My husband gave the fake foot-stamp like he might bolt from his chair after our son whose bare bottom was wagging in the doorway.  Which was enough.  Our son squealed his way to the kitchen.  But returned quickly with his chest still rising and falling fast and his eyes dancing in anticipation.  By which time my husband pounced on his ribs and tickled him right up the stairs.

Only I don’t know the words for that kind of laughter, as it’s the kind that surpasses what you thought was funny.  The kind that even sounds different.  Like you’re in a higher gear, a higher pitch, and there ain’t no stopping until you’re all laughed out.  It’s the laugh you want to free in church, only you can’t.  Cause it’s church.  The kind of laugh that has you thinking you just might die from a split side.  The real deal.  That laugh.

Which was what my kid was doin’ upstairs.  Bustin’ his sides with his dad. 

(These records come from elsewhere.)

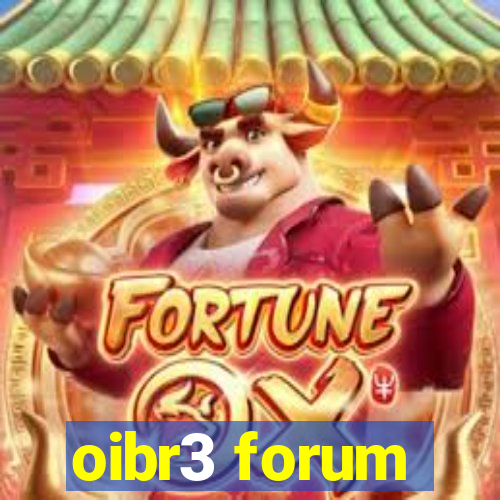 oibr3 forum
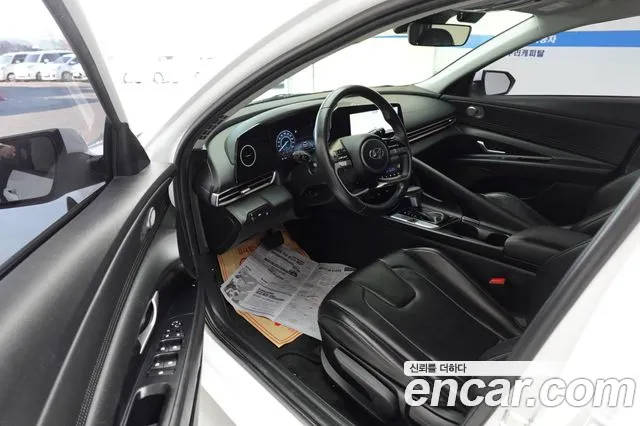 Hyundai AVANTE Avante (CN7) — Фото автомобиля 7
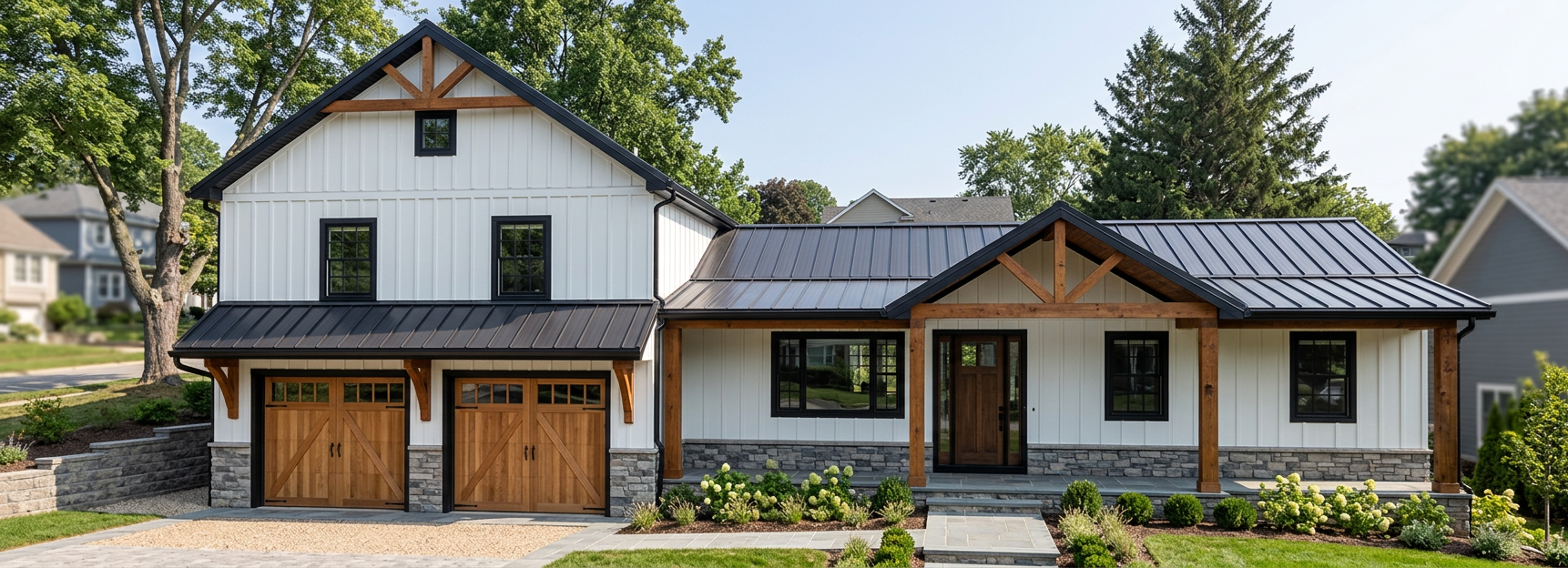 Modern Farmhouse Exterior Design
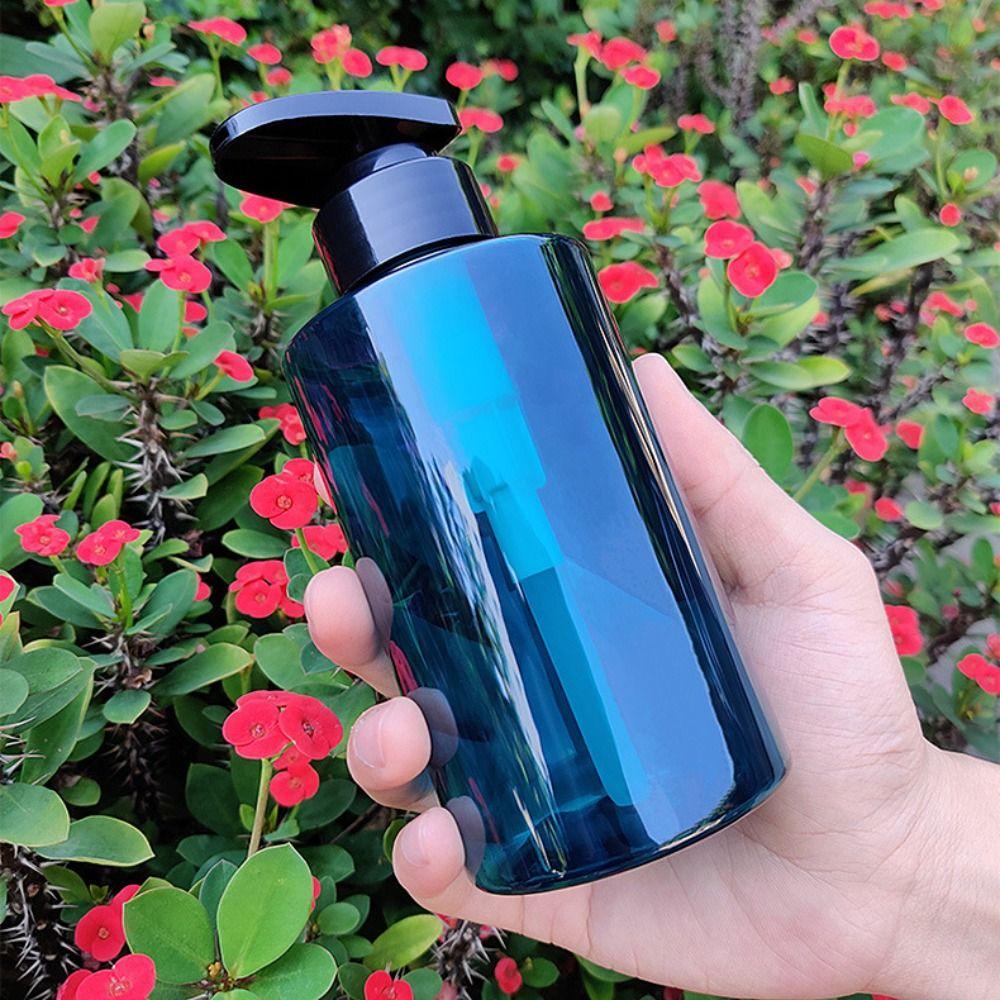 Cylinder Hand Soap Dispenser Empty Pump Bottle Dispenser Journey Shampoo Bottles  Kitchen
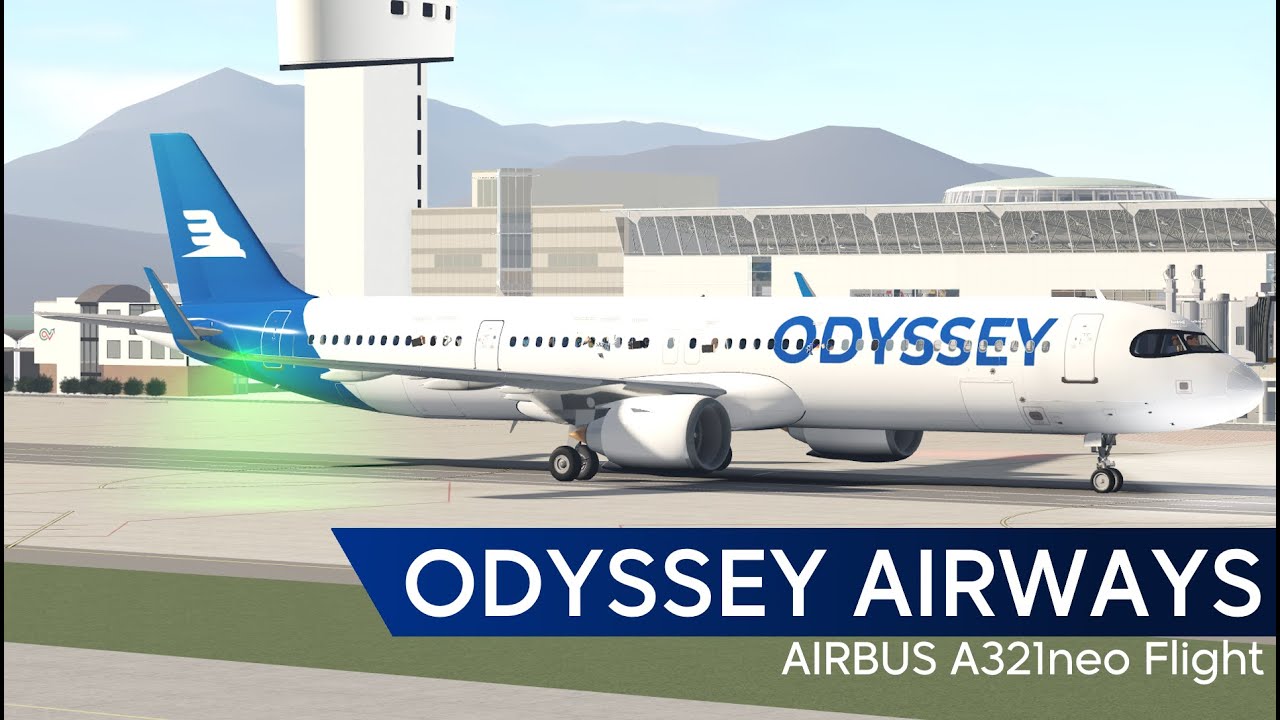 Something new? - Odyssey Airways AIRBUS A321neo Flight | Virtual Reviews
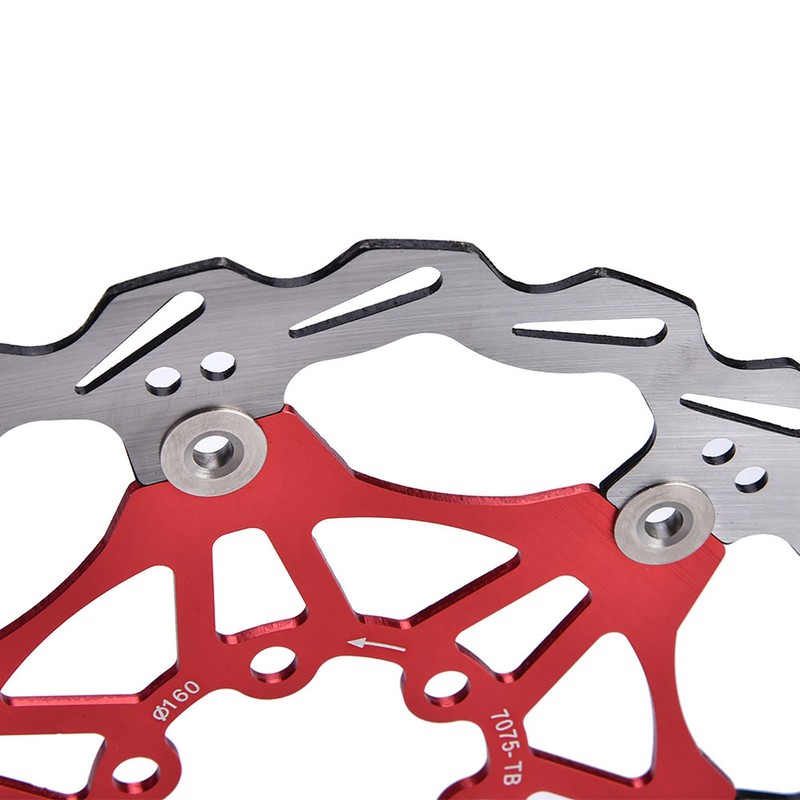 ZTTO 160mm 6 Bolts Mountain Bike Floating Brake Disc Pad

Then before coming down the stairs my husband said, “Sleep well, Silas.  I’ll most certainly tickle you in the morning.”  And our son raised his head off his pillow, “No, dad, no!”   “Oh yes,” my husband countered.  And then he waited in the hallway for the sure signs of tiny feet.

But they didn’t come.

Instead there was giggling as a little boy whispered with certainty to himself, “my dad’s gonna tickle me in the morning!”